In the preseason poll released on September 17, 1956, the defending champion Oklahoma Sooners of the University of Oklahoma were the first place choice for 116 of 149 writers casting votes, followed by Michigan State, Notre Dame, Georgia Tech and Ohio State. As the regular season progressed, a new poll would be issued on the Monday following the weekend's games.

On September 22, #1 Oklahoma and #2 Michigan State were idle. #3 Notre Dame lost in Dallas to unranked Southern Methodist University (SMU), 19-13 and dropped out of the Top 5 permanently (it would finish 2-8-0), while SMU would rise to #5. #4 Georgia Tech won at Kentucky, 14-6. #5 Ohio State, which had not started play, fell out of the Top 5 and was replaced by #7 Texas Christian University (TCU), which had opened with a 32-0 win at Kansas. The first regular AP poll was 1.Oklahoma 2.Georgia Tech 3.Michigan State, 4.TCU and 5.SMU.

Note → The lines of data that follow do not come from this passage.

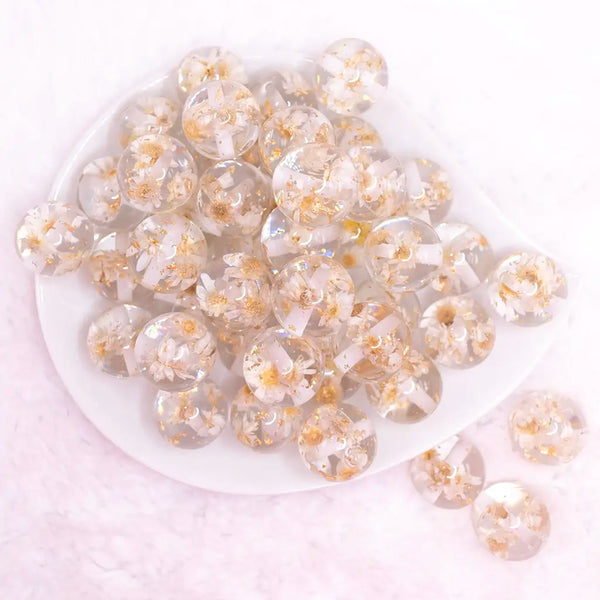 top view of a pile of 20mm White Flaked Flower Bubblegum Bead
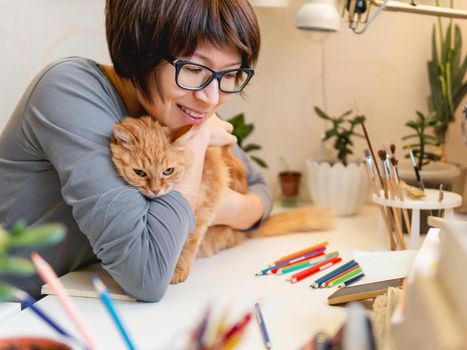 Woman with short hair cut hugs cute ginger cat. Fluffy pet and artist. Calming hobby, anti stress leisure.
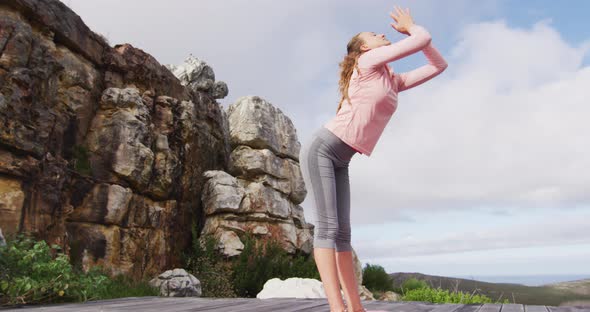 Caucasian woman practicing yoga, stretching and touching floor, standing on deck on mountainside ...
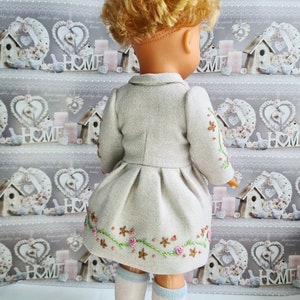 K&ouml;nnte beinhalten: Eine Puppe tr&auml;gt ein hellgraues Kleid mit gestickten Blumen. Das Kleid hat einen Faltenrock und einen Kragen. Die Puppe tr&auml;gt wei&szlig;e Socken mit blauen R&auml;ndern.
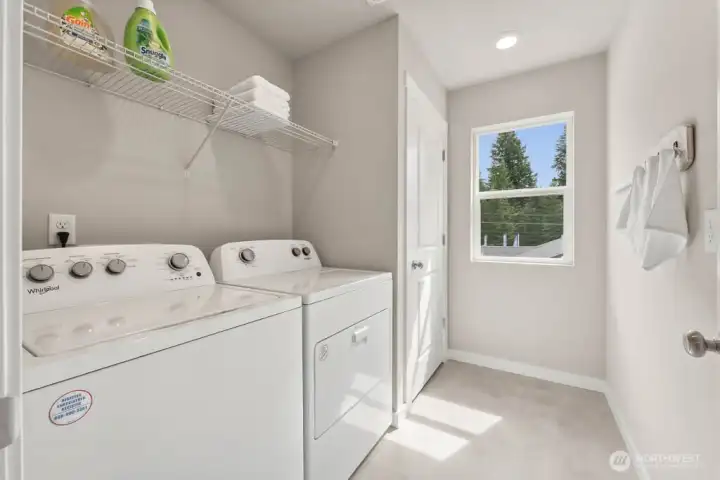 Utility room upstairs with window. Photo rendering is representational and may be virtually staged. Actual home is under construction and finishes, elevation, and paint colors may vary. See site agent for details. Utility room upstairs with window. Photo rendering is representational and may be virtually staged. Actual home is under construction and finishes, elevation, and paint colors may vary. See site agent for details.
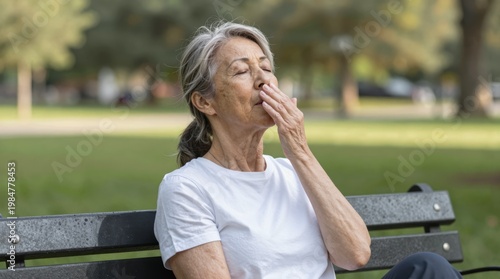 Relaxed Senior Woman Enjoying Peaceful Moment in Park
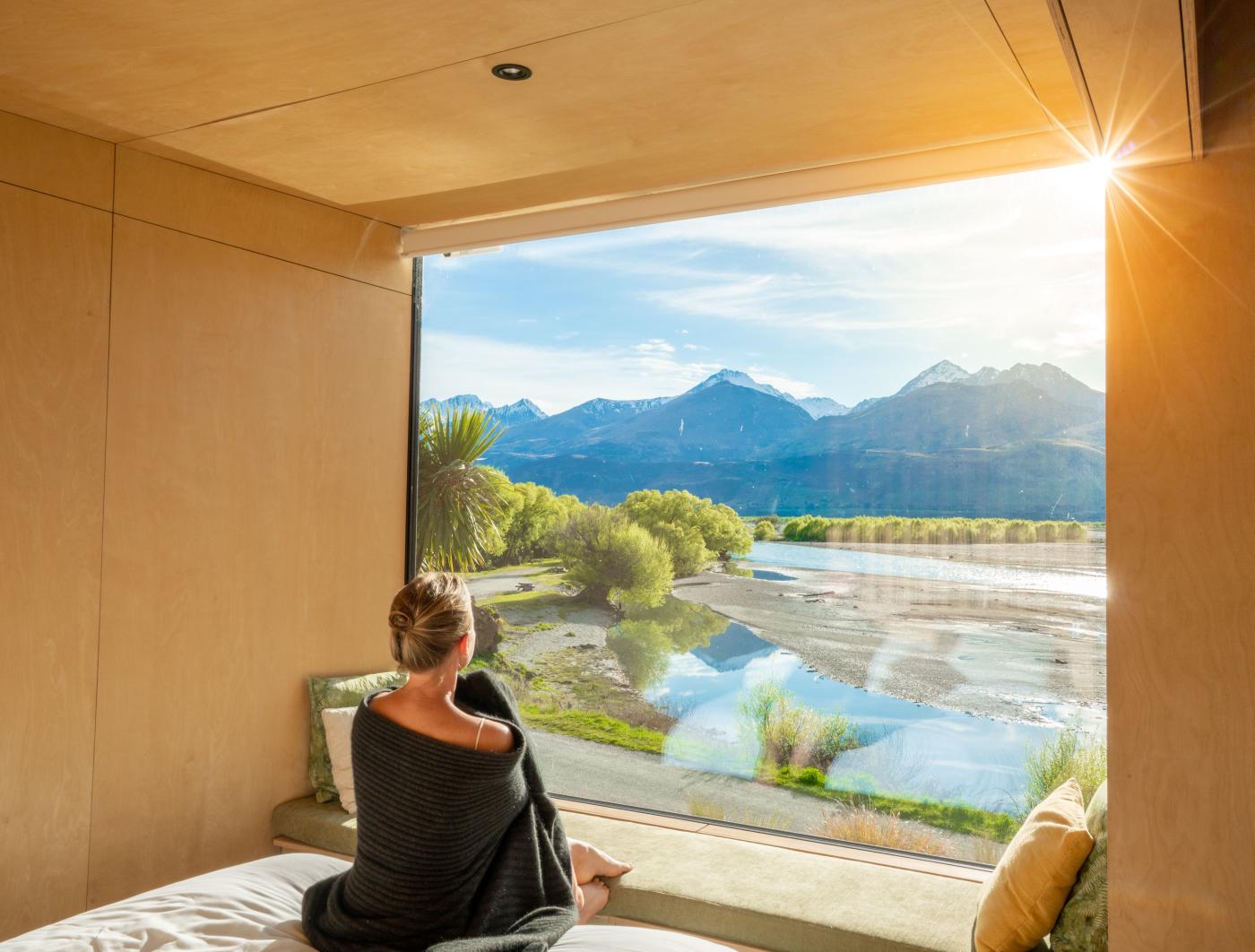 Woman looking out a huge window with view of mountains and lake at Kinloch Wilderness Retreat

September 29, #1 Oklahoma opened its season with a 36-0 win over North Carolina. In Dallas, #2 Georgia Tech visited #5 SMU and narrowly won 9-7. #3 Michigan State won at #12 Stanford, 21-7. #4 TCU was idle and dropped to 8th, while #8 Ohio State rose to 4th after a 34-7 win hosting Nebraska. #13 Michigan, which had beaten UCLA 42-13, rose to 5th. The next poll was 1.Oklahoma 2.Michigan State 3.Georgia Tech 4.Ohio State 5.Michigan.

October[edit]

October 6 #1 Oklahoma registered another shutout, beating Kansas State 66-0. #2 Michigan State met #5 Michigan in the rain before a crowd of 101,001 at Ann Arbor, and MSU Coach Duffy Daugherty's "umbrella defense" forced two Michigan turnovers that led to their 9-0 win #3 Georgia Tech was idle, and #4 Ohio State won 32-20 at home before 82,881 over Stanford.[4] The poll saw Michigan drop to 12th, while #8 TCU (which beat Arkansas 41-6 on national television) returned to the top five: 1.Oklahoma 2.Michigan State 3.Georgia Tech 4.TCU 5.Ohio State

October 13 At Dallas, #1 Oklahoma beat Texas 45-0, having outscored its opposition 147-0 in three games. A commentator of the day wrote, "The overpowering charge of the big red-shirted Oklahoma line ahead of adroit Quarterback Jimmy Harris is just one of the reasons bhy Oklahoma may be the greatest college football team of all time... They showed it in the sudden, lifting charge of a line which moved all of a piece, like a wave breaking evenly along a beach." [5] #2 Michigan State defeated Indiana 53-6 at home. #3 Georgia Tech beat LSU, 39-7. #4 TCU won at Alabama 23-6, and #5 Ohio State won 26-6 at Illinois. The poll remained unchanged: 1.Oklahoma 2.Michigan State 3.Georgia Tech 4.TCU 5.Ohio State

October 20 #1 Oklahoma gave up its first points of the season, but registered its fourth win, 34-12, at Kansas. #2 Michigan State stayed unbeaten with a 47-14 win at Notre Dame. #3 Georgia Tech beat Auburn 28-7. In a game that would ultimately determine the SWC championship, #4 TCU lost at #14 Texas A&M, 7-6. #5 Ohio State lost to Penn State by the same 7-6 score. #7 Tennessee, which had beaten Alabama 24-0 rose to 4th, and #8 Michigan returned to the Top 5 after its 34-20 win over Northwestern. The poll: 1.Michigan State 2. Oklahoma 3.Georgia Tech 4.Tennessee 5.Michigan.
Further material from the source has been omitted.